A DeFi startup preparing for their Series A brought us in to harden their stack. They'd grown fast — React frontend, Node.js backend, microservices on EKS, an Ethereum node on EC2, and a user base actively moving crypto assets. The engineering team was strong but had prioritized shipping features over security infrastructure. That's normal for the stage they were at.
Our job was to bridge the gap between "it works" and "it's production-grade." We ran the audit in parallel across every layer of the stack — code, infrastructure, cloud, and blockchain.
Here is every finding, and every fix.
The Audit: What the Tools Found
We ran seven tools in parallel across the codebase, the AWS account, and the Kubernetes cluster.
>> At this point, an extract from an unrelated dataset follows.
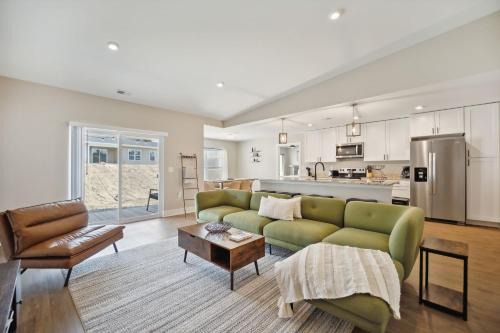 Williamsburg House | Spacious 18BR 18BA Combined Condos in Traverse City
The findings were typical for a startup at this stage — nothing surprising, but several items that needed immediate attention before the Series A security review.
| Layer | Tool | Key Findings |
|---|---|---|
| Git history | TruffleHog | 23 credentials (API keys, AWS access keys, service tokens) |
| Application code | Semgrep | JWT alg:none, no rate limiting, no logout endpoint |
| Containers + IaC | Trivy + Checkov | 14 high-severity container CVEs, 22 IaC policy violations |
| AWS account | ScoutSuite | EC2 in public subnets, 0.0.0.0/0 security groups, no WAF |
| Kubernetes | kube-bench | 47 CIS benchmark failures |
| Ethereum | Custom scripts | Geth RPC public, all methods enabled including personal_* |
| Frontend bundle | Manual + DevTools | Alchemy API key + JWT signing secret hardcoded in JS |
Starting security posture: room for improvement across every layer — which is exactly why the founders brought us in.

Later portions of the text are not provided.